Reading the world

30 December 2004 | Authors, Reviews

Helena Sinervo

Photo: Marja-Leena Hukkanen

Helena Sinervo’s intention was to write a biography of the poet, prose-writer and translator Eeva-Liisa Manner (1921–1995). But even during the early research the task looked daunting: the interviewees spoke about a luminary, the greatest genius of the modernistic Finnish poetry.

Helena Sinervo (born 1961) is a poet and a critic. She herself had recognised grief, suffering and loneliness in Manner’s works. Things went as they do with a writer; the material she had collected fictionalised itself in Sinervo’s mind. The novel-character Eeva-Liisa came to life, and Sinervo began writing about the persona’s life from within. The result was the novel Runoilijan talossa (‘In the house of the poet’, Tammi, 2004).

Sinervo focuses her story on Manner’s second home in Spain. Cleaning up her villa in 1971 after the earthquake, Manner begins a dialogue with the papers she finds among the rubble.

The step in the dark the novel takes leads to the circumstances of Manner’s childhood. After her mother died giving birth, the premature baby was put in an incubator and fed through a tube. The father would hear nothing of his child, and the girl ended up in the care of her religious and severe grandparents.

The nightmare of her early years slowly closes in: the girl was brought up with the whip and terrifying stories about Satan. Feeling attacked by the world, she attempts suicide, unsuccessfully. She grows up shy, fearful and withdrawn. If she’s abused, she blames herself. If one gets hit on the head with a bottle, that too is probably one’s own fault.

” ‘Men treat women violently,’ I thought. ‘If you’d like to live with a man, then you’d have to put up with it.’ ” Eeva-Liisa’s erotic feelings flow towards both men and women, but her physical experiences gradually make men an extremely improbable alternative. The poet undergoes existential loneliness in her world, and, tragically, such is a condition of her work. Nevertheless she has friends, who put up with her ‘regressive’ behaviour. She suffers a trauma of motherlessness: someone she loves has to be a mother-substitute, always ready to satisfy her needs. ‘No adult can endure that behaviour.’

The novel’s great merit is its empathetic discernment, which illuminates Manner’s thought. Time is a theme the poet has returned to again and again, and around time Sinervo develops a brilliantly resonant narrative, taking off from the novel’s time-free structure.

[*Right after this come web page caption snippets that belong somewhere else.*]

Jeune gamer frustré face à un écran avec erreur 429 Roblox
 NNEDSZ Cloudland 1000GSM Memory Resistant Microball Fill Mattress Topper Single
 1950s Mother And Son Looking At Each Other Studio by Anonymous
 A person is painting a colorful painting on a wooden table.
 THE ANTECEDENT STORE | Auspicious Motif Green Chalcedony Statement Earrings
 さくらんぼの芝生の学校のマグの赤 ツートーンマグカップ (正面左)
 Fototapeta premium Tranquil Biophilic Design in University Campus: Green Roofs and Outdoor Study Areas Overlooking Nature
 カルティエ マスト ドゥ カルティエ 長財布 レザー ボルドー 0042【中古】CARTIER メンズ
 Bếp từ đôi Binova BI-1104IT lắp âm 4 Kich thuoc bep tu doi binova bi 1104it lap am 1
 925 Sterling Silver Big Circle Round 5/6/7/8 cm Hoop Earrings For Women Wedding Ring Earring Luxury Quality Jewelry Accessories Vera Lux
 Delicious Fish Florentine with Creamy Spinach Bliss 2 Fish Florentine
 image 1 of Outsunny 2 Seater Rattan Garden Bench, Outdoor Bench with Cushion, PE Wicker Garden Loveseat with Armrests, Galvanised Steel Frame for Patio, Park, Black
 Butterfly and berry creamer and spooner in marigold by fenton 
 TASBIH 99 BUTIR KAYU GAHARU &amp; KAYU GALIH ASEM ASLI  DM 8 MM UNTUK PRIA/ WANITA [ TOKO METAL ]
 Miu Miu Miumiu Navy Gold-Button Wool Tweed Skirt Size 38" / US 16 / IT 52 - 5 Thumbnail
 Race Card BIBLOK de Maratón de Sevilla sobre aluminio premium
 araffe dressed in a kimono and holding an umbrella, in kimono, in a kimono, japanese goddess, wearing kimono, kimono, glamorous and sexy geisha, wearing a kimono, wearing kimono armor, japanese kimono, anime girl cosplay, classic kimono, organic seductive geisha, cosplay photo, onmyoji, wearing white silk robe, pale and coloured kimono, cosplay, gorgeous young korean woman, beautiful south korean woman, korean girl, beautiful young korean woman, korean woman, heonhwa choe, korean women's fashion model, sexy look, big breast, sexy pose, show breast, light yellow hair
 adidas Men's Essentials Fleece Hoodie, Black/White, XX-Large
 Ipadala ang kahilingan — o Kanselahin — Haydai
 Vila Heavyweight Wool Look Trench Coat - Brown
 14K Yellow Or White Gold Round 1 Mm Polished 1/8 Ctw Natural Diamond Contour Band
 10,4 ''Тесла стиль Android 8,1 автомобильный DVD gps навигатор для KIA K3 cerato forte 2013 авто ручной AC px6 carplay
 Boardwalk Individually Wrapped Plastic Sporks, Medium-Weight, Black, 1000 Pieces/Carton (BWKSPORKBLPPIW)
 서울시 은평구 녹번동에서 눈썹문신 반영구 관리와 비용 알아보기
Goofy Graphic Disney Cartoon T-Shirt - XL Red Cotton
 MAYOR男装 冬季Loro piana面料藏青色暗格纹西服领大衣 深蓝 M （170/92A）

The abandonment of linearity is enabled by the concept of time: time is scattered and forms an environment. Manner’s phrase, ‘All time surrounds us,’ suggests that the human mind is scattered around the world as thought. But this is also subjectivism at its most beautiful – subjectivism as a presence. And finally, and most importantly: creativity is the reading of that environing world, not its imitation.

The soul’s ensnarement in physicality is another Manner’s great theme. The novel finely catches the poet’s own mischievous rhetoric in speaking about the pathetic individual’s incessant yearning for a partner. This is epitomised in a night scene in a Spanish backyard: in beautiful moonlight a hen is sleeping on the back of a silver-sided donkey. Their tender union lasts year after year.

The short story Hippopotamus (1957) by Eeva-Liisa Manner appeared in Books from Finland 1/2004; a selection of Manner’s poems, translated by Herbert Lomas, appeared in Books from Finland 3/1995, and his translation of Eeva-Liisa Manner: Selected Poems (1997) was published in England by Making Waves (1997).